Given entries:
::::

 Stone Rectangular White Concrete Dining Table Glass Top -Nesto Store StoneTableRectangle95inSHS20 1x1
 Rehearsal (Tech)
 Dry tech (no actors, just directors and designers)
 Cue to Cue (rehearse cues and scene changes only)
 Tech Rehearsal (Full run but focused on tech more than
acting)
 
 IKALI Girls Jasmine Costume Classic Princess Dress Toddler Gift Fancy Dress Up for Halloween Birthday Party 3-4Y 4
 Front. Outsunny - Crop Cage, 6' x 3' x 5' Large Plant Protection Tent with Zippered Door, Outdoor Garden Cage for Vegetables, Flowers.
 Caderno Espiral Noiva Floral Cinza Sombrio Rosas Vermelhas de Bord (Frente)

::::

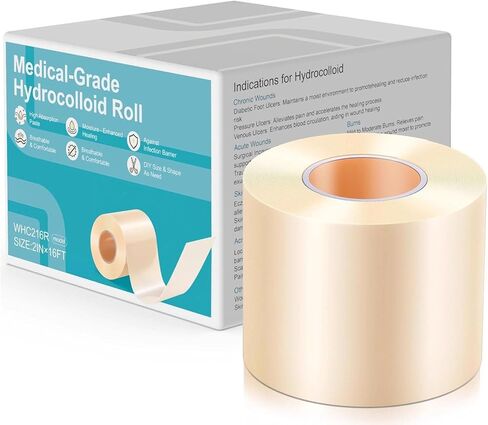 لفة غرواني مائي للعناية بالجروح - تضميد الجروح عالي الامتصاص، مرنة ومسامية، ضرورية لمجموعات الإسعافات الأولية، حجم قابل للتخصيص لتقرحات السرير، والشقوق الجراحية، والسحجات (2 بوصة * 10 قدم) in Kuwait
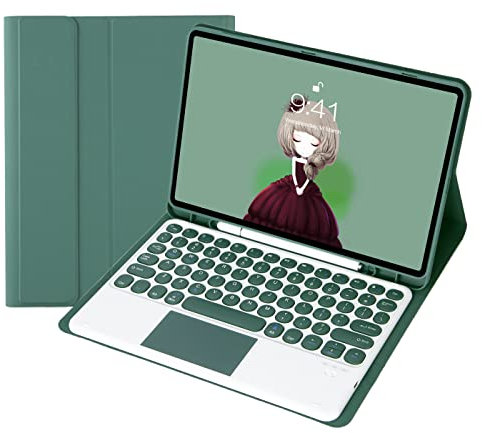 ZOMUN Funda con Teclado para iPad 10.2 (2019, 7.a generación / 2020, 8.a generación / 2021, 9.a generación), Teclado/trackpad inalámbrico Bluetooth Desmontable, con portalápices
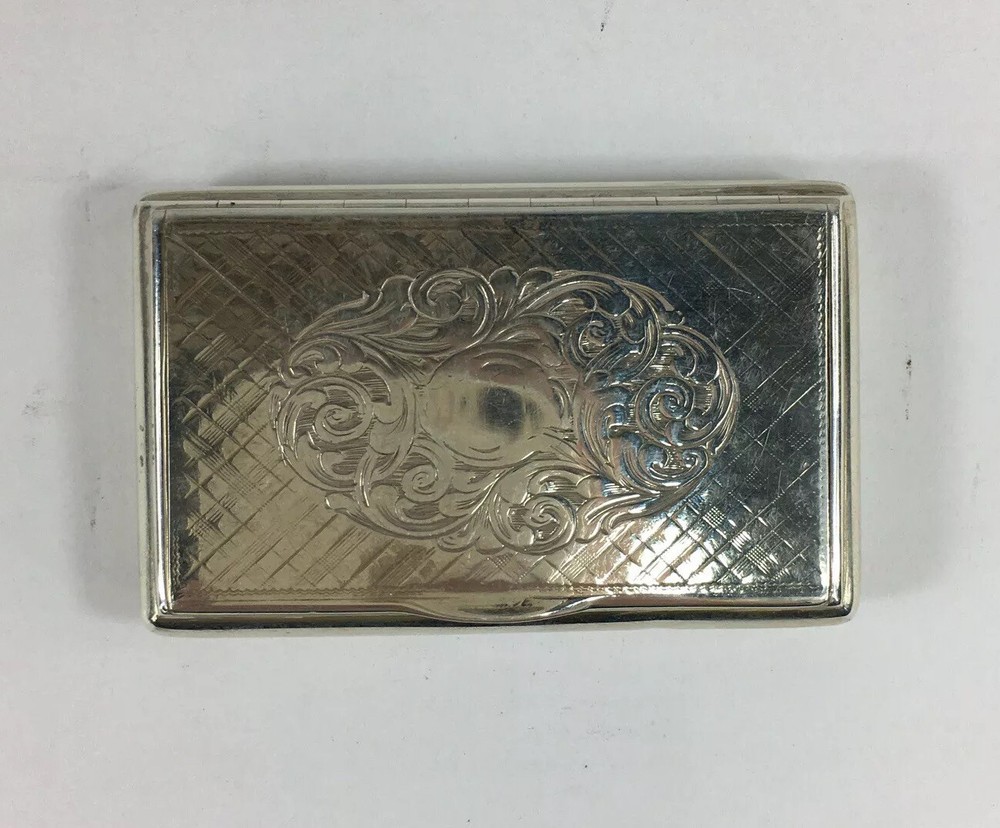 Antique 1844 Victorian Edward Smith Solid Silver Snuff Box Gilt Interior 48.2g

::::

Try it: Copy all lines from the data that hold the word "Rehearsal".

Answer for the task:
 Rehearsal (Tech)
 Tech Rehearsal (Full run but focused on tech more than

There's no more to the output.